Now, obviously, I’m kidding. Bull Elephant are still just as eccentric and extraordinary as ever, and still don’t sound exactly like anyone else out there.

Storyline-wise, part two of the band’s “nature vs nazis” trilogy finds the soul of our heroic post-mortal pachyderm reconstituted in a human body and forced to go on the run, accompanied and watched over by a giant, magic ape (and you thought things couldn’t get any weirder).

And the music has also undergone something of a metamorphosis, for although the soul of the band is unchanged, the body it inhabits is a little bit different, a little more versatile, and capable of a wider range of expressions and emotions.

Take the opening title track for example, which cycles through a mindblowing variety of stylistic twists and turns – from brooding, bombastic Doom to punchy Prog-Thrash to moody ambience to riveting, rippling melody, and back again – while also being, arguably, even catchier and more cohesive than the majority of the band’s debut.

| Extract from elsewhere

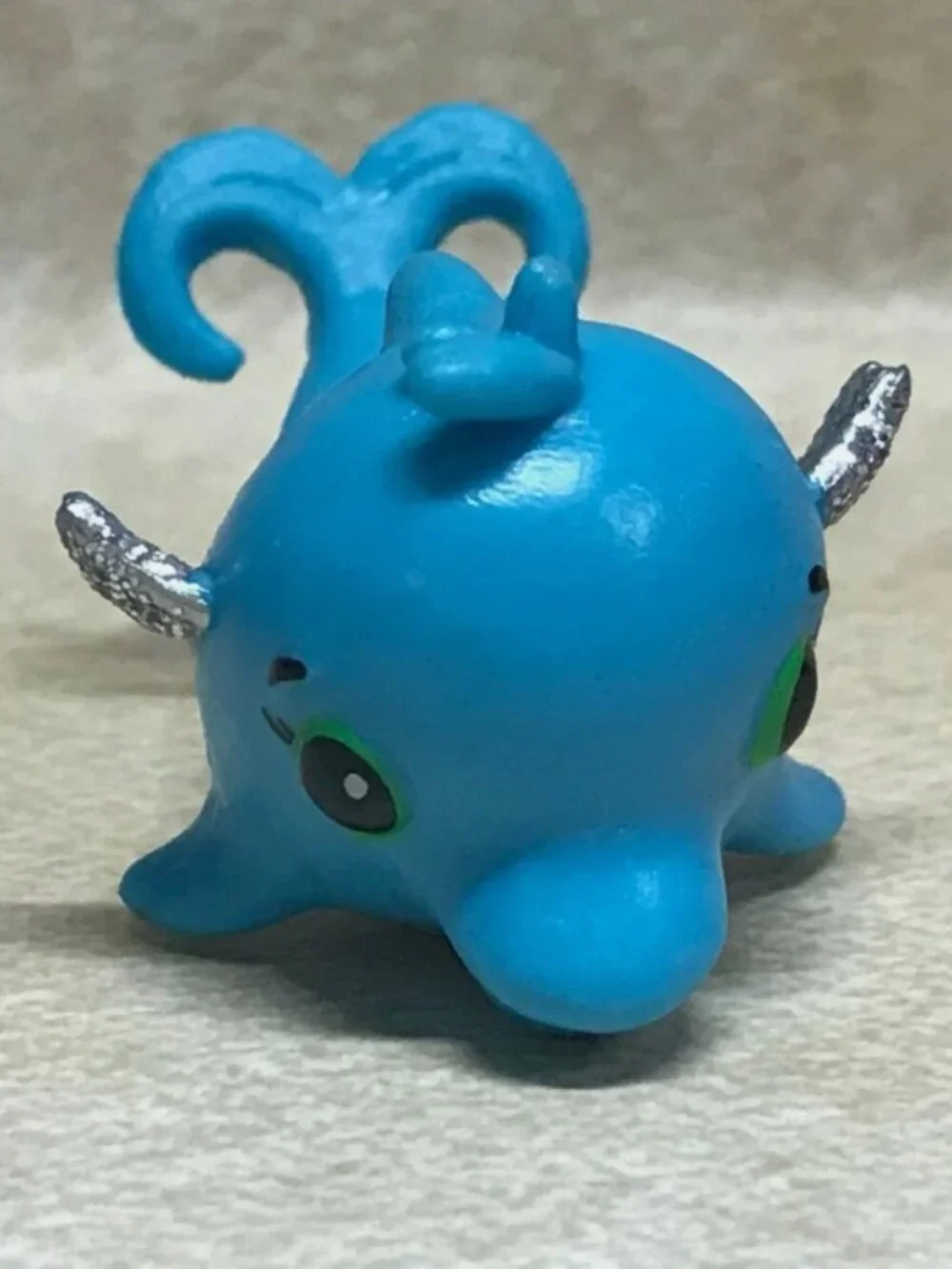 Blue Dolfinch Season 1 Hatchimals CollEGGtibles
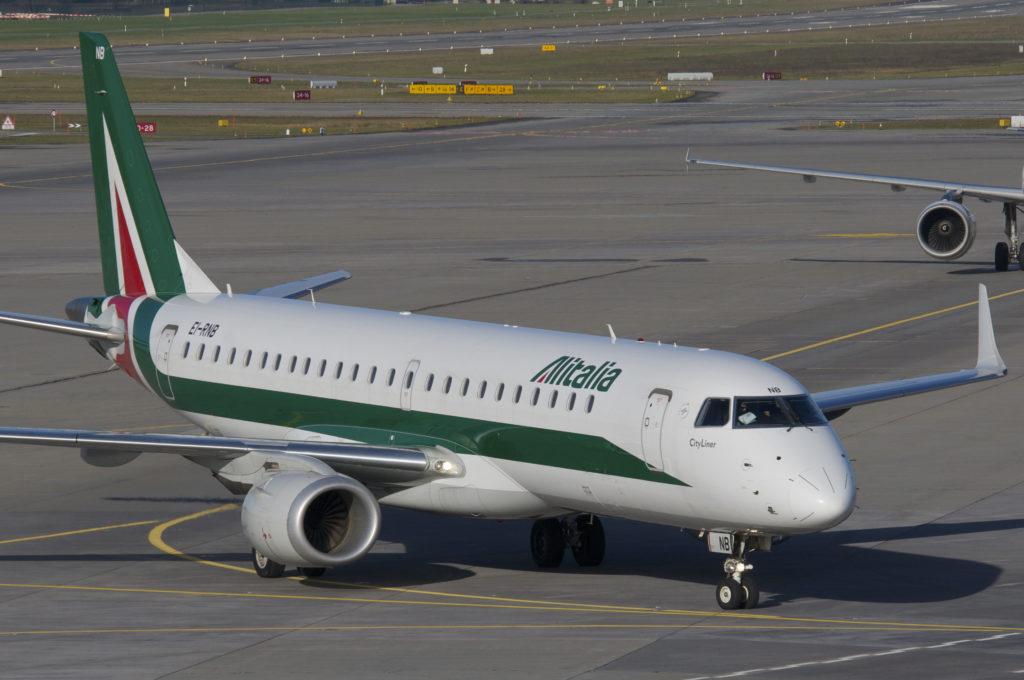 Alitalia_Embraer_ERJ190_EI-RNB@ZRH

Similarly, “Oneiromantic Rites” finds the group expanding their melodic mindset even more, with a greater emphasis on ruggedly emotive clean vocals, simmering, slow-burn riffs, and liquid, wah-drenched lead lines, while “Cult of the Black Sun Nemesis” doubles down on the fat-bottomed guitar grooves and ridiculously hooky, harmonised licks like some sort of fusion of classic Corrosion and Conformity and modern-day Mastodon.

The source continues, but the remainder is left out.